How to write and run tests in Java

Setting up your test files

Follow the instructions in our IntelliJ Setup guide. Make sure you follow step five of “Setting up homework in IntelliJ.”

We will give you files in which you’ll write your tests for every Java assignment except HW09. To write tests in HW09, create a new class, give it a descriptive name (like MyTests.java), and write the following lines at the top of the file:

import org.junit.jupiter.api.*;
import static org.junit.jupiter.api.Assertions.*;

This will import all of the tools you need to write JUnit tests into the file. Read below for the syntax of individual test cases.

Running your tests

To run your tests, open the testing file you want to run and press the green play button in the top left of your screen.

Sometimes this may run your entire program instead of the test file. To run only the test file, right click on the file in the Package Explorer (left of your screen, by default), click Run As, and click JUnit Test.

You will be able to see which tests passed, failed, or resulted in an error.

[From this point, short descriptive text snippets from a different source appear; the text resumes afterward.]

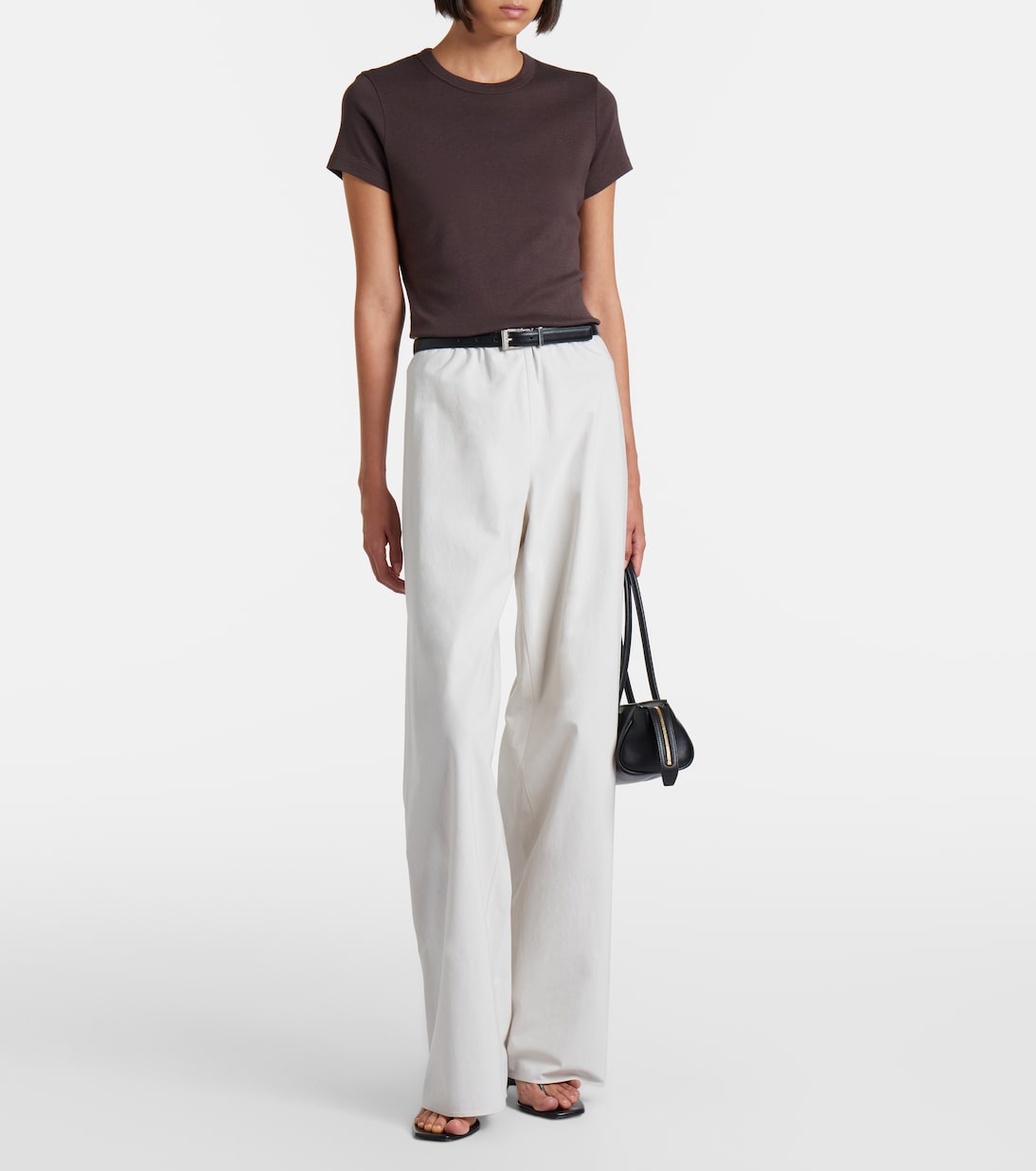 Vince - '90s Shrunken cotton-blend T-shirt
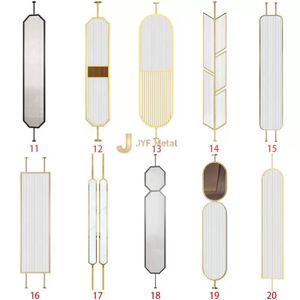 LL94 Nouveaux designs d'usine, cloisons de séparation de pièce en verre teinté ovale, en acier inoxydable, imperméables, personnalisables, vente en gros - Product Image 6
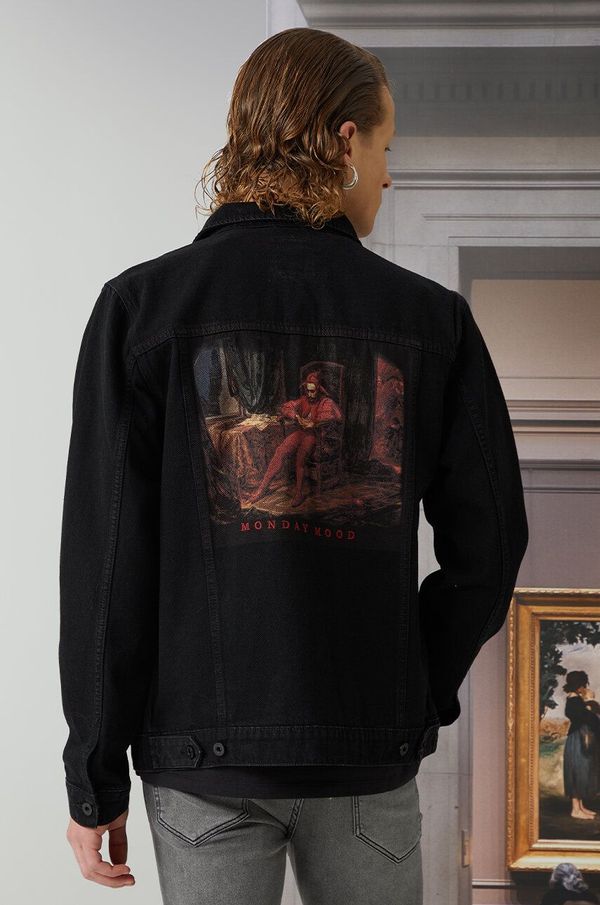 Medicine Traper jakna Medicine za muškarce, boja: crna, za prijelazno razdoblje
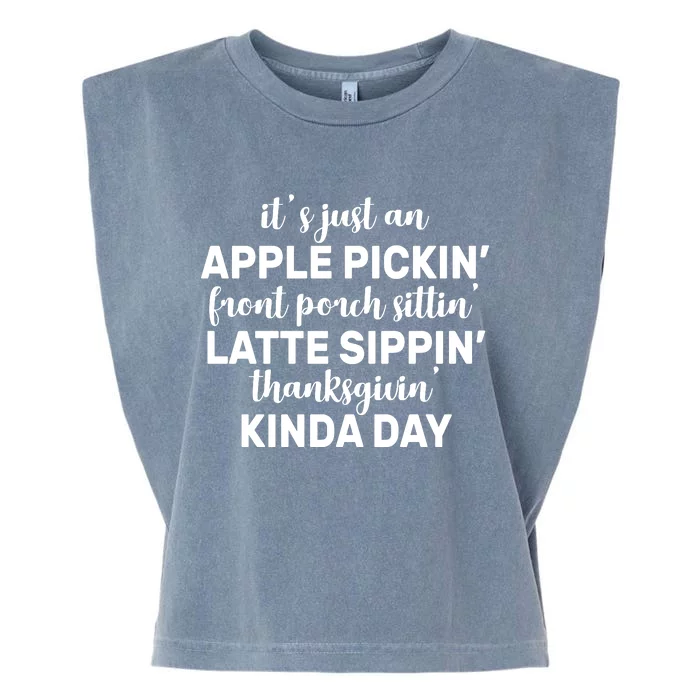 Apple Picking Season Garment-Dyed Women's Muscle Tee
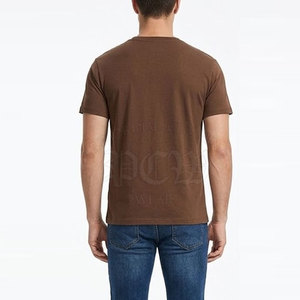 เสื้อยืดผู้ชายถักประดับคริสตัลทันสมัย แขนสั้น สไตล์ทางการ แฟชั่นสุดเท่สำหรับลุคสตรีท - Product Image 4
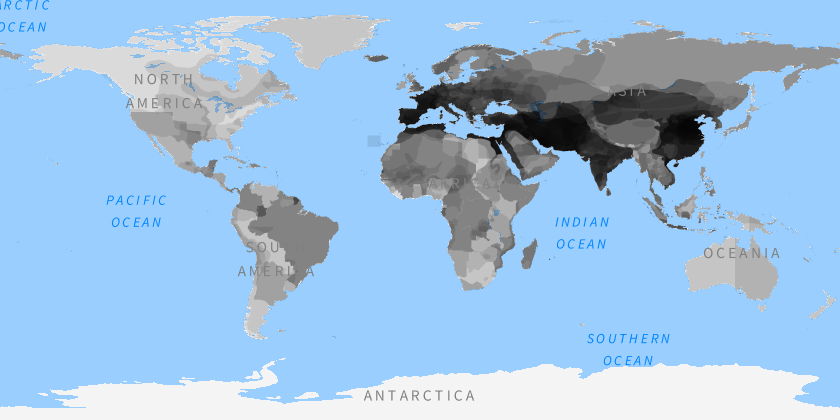 Examining historical country overlap and contested regions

Double-click on a failing test case in the above window to display its failure trace, which will help you debug!

Writing test syntax

How to actually write a test

As much as you might want to forget about OCaml, we don’t want all of your good test-writing skills to go to waste! Recall the syntax we used to write this test for rainfall in HW01:

let test () : bool =
    rainfall [1; 2; 3; -999] = 2
;; run_test "rainfall: -999 ends the list" test

We write run_test to indicate that we’re running a test. We provide run_test with two arguments: a string that describes the test and the test that should be run. In the test, we compare the actual result, rainfall [1; 2; 3; -999], to the expected result, 2. We’ll find the same structure in tests in Java.

Let’s look at the syntax of a test we write for you in HW06:

@Test
public void testConstructInBounds() {
    Pixel p = new Pixel(40, 50, 60);
    assertEquals(40, p.getRed());
    assertEquals(50, p.getGreen());
    assertEquals(60, p.getBlue());
}

First, annotations before every method in the class are used to indicate the purpose of the method and are designated with the @ symbol. Here, we want to use the above method to test one of the Pixel constructors, so we use @Test to indicate we want JUnit to run it as a test.

We’re also not just limited to writing testing methods! There are other behaviors the method could have. For example, @BeforeEach indicates the method should be performed before running each test in the class. Other annotations include @BeforeAll, @AfterEach, @AfterAll, @RepeatedTest, and more. To see a complete list of annotations, check out the JUnit 5 Javadocs.

Let’s look at an example of when we’d want to use these annotations. It’s spooky season at the time of writing, so let’s consider a class called CandyBowl. The full code with comments is available in the appendix.

CandyBowl has two private instance variables: the type of candy in the bowl and the number of pieces left. The type of candy is taken in as an argument when initializing a new bowl, but the number of pieces is always initialized as 10. CandyBowl also has four methods to take candy out, refill with more candy, get the name of the candy, or get the amount of candy left.

public class CandyBowl {
    private String candy;
    private int count;

    public CandyBowl(String candyName) {
        candy = candyName;
        count = 10;
    }

    public void takeCandy(int taken) {
        count = Math.max(count - taken, 0);
    }

    public void refillCandy(int refill) {
        count = count + refill;
    }

    public int checkCandyCount() {
        return count;
    }

    public String getCandyName() {
        return candy;
    }
}

Most of your tests for this class will probably deal with taking and refilling the candy and checking the final value with checkCandyCount(). Let’s say we have a test like this:

@Test
public void testTake5Refill7() {
    CandyBowl b = new CandyBowl("Milky Way");
    b.takeCandy(5);
    b.refillCandy(7);
    assertEquals(b.checkCandyCount(), 12);
}

Imagine we wanted to run another test after this. It was already a lot of math to get the final count to be (10 - 5 + 7) = 12. Now imagine having to add and subtract all the tests before to get the starting count for a new test. Not fun right?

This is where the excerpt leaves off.